The self-stripping process, although initially viewed as more complex than CO2 – stripping, was later successfully adopted because of its efficient steam consumption and ease of operation. The advantages of self-stripping process include its:

• Horizontal layout
• Smaller high-pressure equipment
• Reliable operation
• Excellent energy performance.

It does have some drawbacks, however, such as the need for dual-pressure purification stages, separate ammonia recovery, and the requirement for noble materials in the HP stripper.

The introduction of heat recovery from medium-pressure carbamate vapour resulted in a major improvement in the steam consumption of the self-stripping process. This type heat integration became standard in new and revamped plants in the 1990s. Since then, however, no significant improvements in energy optimisation have been made, with this seemingly having reached a plateau.

Modern CO2 -stripping processes include a medium-pressure purification stage as a key feature to lower their medium-pressure (MP) steam consumption. Any further improvement in the efficiency of self-stripping is a challenge as it requires further reductions in MP steam consumption in the HP stripper without destabilising the steam network. This is only possible by dramatically improving heat recovery. Indeed, heat recovery must nearly double to compete with the best CO2 -stripping processes.

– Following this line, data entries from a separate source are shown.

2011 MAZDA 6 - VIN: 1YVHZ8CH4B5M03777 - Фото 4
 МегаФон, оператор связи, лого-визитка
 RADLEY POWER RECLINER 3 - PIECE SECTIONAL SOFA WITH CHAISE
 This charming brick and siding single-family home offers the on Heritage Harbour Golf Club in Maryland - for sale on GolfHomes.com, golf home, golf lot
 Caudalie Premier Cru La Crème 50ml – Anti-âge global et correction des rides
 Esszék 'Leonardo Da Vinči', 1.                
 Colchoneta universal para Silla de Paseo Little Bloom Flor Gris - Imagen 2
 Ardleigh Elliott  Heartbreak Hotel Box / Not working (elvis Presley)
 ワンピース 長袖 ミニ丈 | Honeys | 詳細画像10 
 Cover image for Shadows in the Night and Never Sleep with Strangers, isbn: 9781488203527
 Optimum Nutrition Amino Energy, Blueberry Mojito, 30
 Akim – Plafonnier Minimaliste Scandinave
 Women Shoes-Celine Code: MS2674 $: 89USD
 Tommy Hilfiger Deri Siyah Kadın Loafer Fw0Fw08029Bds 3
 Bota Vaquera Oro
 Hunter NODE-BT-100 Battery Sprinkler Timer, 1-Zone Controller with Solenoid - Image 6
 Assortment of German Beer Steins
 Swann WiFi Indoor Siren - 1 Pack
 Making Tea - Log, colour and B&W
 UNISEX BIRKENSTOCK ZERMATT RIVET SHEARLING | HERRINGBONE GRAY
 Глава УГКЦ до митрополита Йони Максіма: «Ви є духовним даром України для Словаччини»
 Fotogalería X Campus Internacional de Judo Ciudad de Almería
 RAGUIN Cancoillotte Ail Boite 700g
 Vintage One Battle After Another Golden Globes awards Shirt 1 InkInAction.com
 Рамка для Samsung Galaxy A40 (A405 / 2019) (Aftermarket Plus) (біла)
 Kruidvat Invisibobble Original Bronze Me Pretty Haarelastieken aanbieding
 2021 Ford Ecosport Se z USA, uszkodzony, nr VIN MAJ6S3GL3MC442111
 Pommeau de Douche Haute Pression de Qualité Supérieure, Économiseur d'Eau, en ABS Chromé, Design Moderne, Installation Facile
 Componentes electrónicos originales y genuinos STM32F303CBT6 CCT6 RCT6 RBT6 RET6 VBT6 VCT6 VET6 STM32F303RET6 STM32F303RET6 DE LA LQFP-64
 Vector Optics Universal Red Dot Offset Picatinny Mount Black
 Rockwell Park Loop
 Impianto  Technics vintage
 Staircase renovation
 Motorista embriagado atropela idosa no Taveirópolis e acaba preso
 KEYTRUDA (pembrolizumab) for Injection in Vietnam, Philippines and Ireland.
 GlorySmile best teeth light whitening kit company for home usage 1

Casale has now developed an improved self-stripping process, known as HYPER-U, that cuts medium-pressure steam consumption further and reduces cooling water needs. The main innovation is the introduction of an additional carbamate decomposition step before the conventional medium-pressure section. This enhances heat recovery while reducing low-pressure (LP) steam and cooling water needs.

HYPER-U process

The most innovative features of HYPER-U are the ‘hybrid-stripping’ and ‘combi-reactor’ concepts.

The HYPER-U process adopts a hybrid approach that blends the best aspects of both CO2 -stripping and self-stripping processes, resulting in much higher efficiency. A minor portion of CO2 is fed to the bottom of the high pressure (HP) stripper. This drastically lowers the amount of ammonia that needs to recovered at medium-pressure by reducing the amount of free ammonia in the urea solution leaving the HP section (simplified flowsheet, Figure 1). This in turn favours greater heat recovery by allowing the condensation of carbamate vapour at a higher temperature profile.

Fig 1: HYPER-U high-pressure loop

Fig 2: HYPER-U urea solution purification and concentration sections

Vapour from the HP stripper is partially condensed in a kettle-type heat exchanger, generating steam at 5.0-6.0 barg. However, most of the condensation occurs in a vertical combi-reactor. Essentially, this is a combined HP condenser-reactor vessel that is comprised of a tube bundle and trays. The volume of the combi-reactor ensures that the conversion of CO2 into urea begins by providing an adequate residence time. Excess heat from the condensation of high-pressure carbamate vapour is removed via direct process-process heat transfer. The heat released is then used for carbamate decomposition at 30 barg.

A critical aspect of the HYPER-U process is the inclusion of an extra carbamate decomposition stage. The urea solution from the HP stripper is first expanded to 30 barg and fed to the tube bundle (tube side) in the combi-reactor. Direct process-process heat exchange provides effective carbamate decomposition even at 30 barg. Following the 30 barg purification stage, the urea solution is then fed to the conventional medium-pressure sections for final purification.

This final carbamate decomposition stage at 3.5 barg also incorporates another innovative concept. Instead of heating the urea solution via a shell-andtube exchanger using LP steam, carbamate decomposition occurs in a column with a packed bed – with the heat of reaction provided by process vapours from the waste water treatment (WWT) section. Using the heat of condensation of WWT vapour for LP carbamate decomposition is advantageous as it offers direct heat integration. Using WWT vapour in this way has another major advantage: it avoid the use of several pieces of equipment normally required for this service.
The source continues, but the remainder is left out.